In 1977, Bob Kallweit and Larry Wood presented their now famous work on temporal resolution and the effects of filter design on side-lobe tuning. This material was presented internally at a 1977 technology meeting at Amoco in Houston, Texas. Kallweit's and Wood's concepts hold up as well today as they did in 1977. Their 1977 material is available in pdf form, via a FreeUSP web document.

The purpose of this exercise is to revisit this Kallweit and Wood material, and in the process capture key observations and conclusions, and recreate displays using todays graphics technology (to see if the display options that are readily available today, but not available in 1997, reveal any additional insight).

Here is a link to a summary PowerPoint slide-set of this material.

Seismic Resolution of Zero-Phase Wavelets

Here is a PowerPoint summary of this portion of the material.

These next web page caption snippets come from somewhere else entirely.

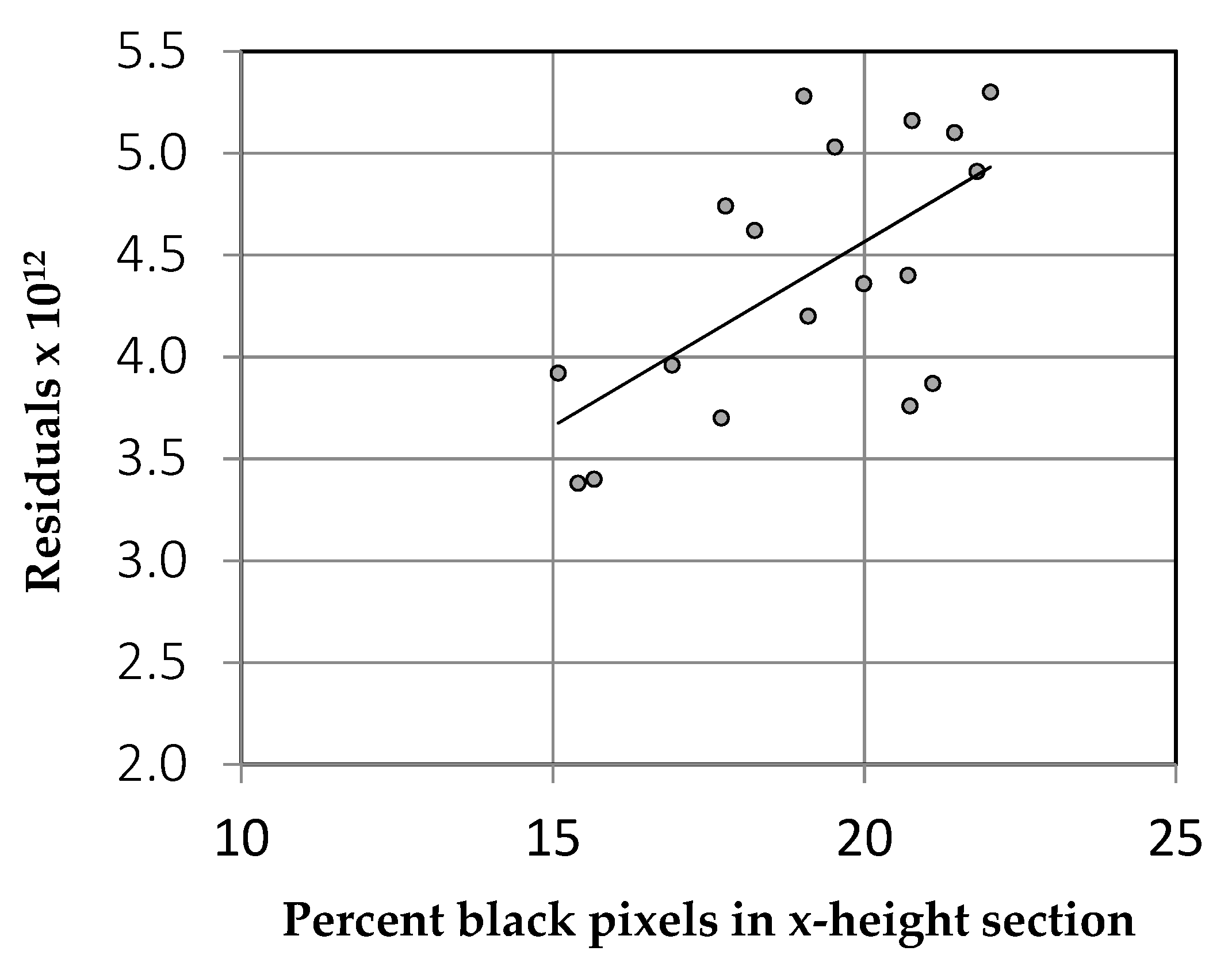 Vision 04 00018 g009 Vision 04 00018 g009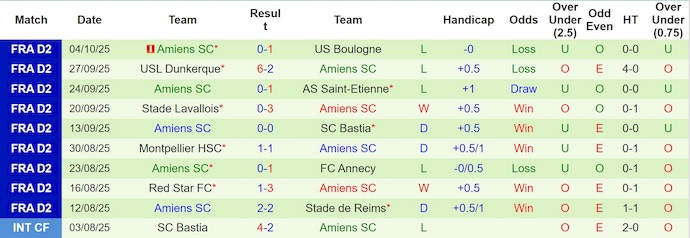 Nhận định, soi kèo Nancy vs Amiens, 1h45 ngày 21/10: Phong độ sa sút - Ảnh 3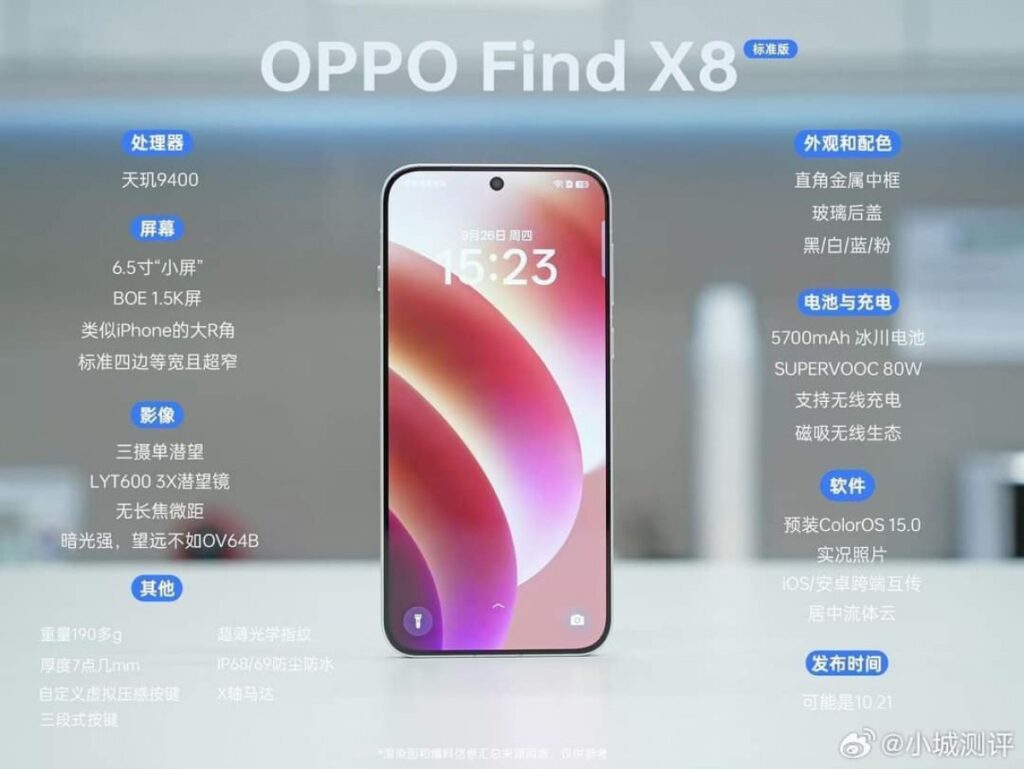  Oppo Find X8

Kallweit and Wood start with a review of previous work on temporal resolution, and in the process summarize the work of Rayleigh, Ricker and Widess. They then go-on to show that:

• Different types of zero-phase wavelets may be compared in terms of temporal resolution.
• The ability of zero-phase wavelets to resolve thin beds can be separated from variations in side-lobe tuning effects.

They propose a definition of seismic resolution, in context of thin bed resolvability that ties together both Ricker's and Widess' criteria and relates both of them to parameters that can be measured on the incident wavelet itself.

They determine that the low-pass sinc wavelet can be analyzed in terms of its mid frequency in order to establish a similarity to the analysis of the Ricker wavelet.

Even though a low-pass sinc wavelet is not realizable in actual practice (because it has frequencies extending to zero Hertz), it is instructive to study this wavelet because it allows temporal resolution to be examined in terms of the maximum frequency. The learnings from the analysis of the low pass sinc wavelet can then be used in the discussion of the bandpass sinc wavelet. The low frequency limit of the band-pass sinc wavelet has negligible effect on the temporal resolution of the wavelet for band-pass ratios of 2-octaves and greater.

The resulting ability to relate temporal resolution to the highest, and only the highest frequency of a wavelet leads to some very useful and quite accurate approximations.

Designing Optimum Zero-Phase Wavelets

Here Kallweit and Wood capture and illustrate how changing the shape of zero-phase wavelets effects both (1) side-lobe interference and (2) our ability to resolve geology (layering and reflectivity).

Here is a PowerPoint summary of the material.

Computer and graphics technology was substantially different in 1977, so in this case, it was worthwhile recreating the experiments and capturing snapshots of the results via current day workstation tools. The scripts used to recreate the experiments are archived in the Scripts directory.

The key message from Kallweit and Wood is: Wavelets designed with a vertical or near-vertical high end slope exhibit high frequency side-lobes that can cause significant distortions in reflection amplitudes and associated event character. They propose an alternate wavelet called the "Texas Double" in recognition of the primary characteristic being a 2-octave slope on the high frequency side.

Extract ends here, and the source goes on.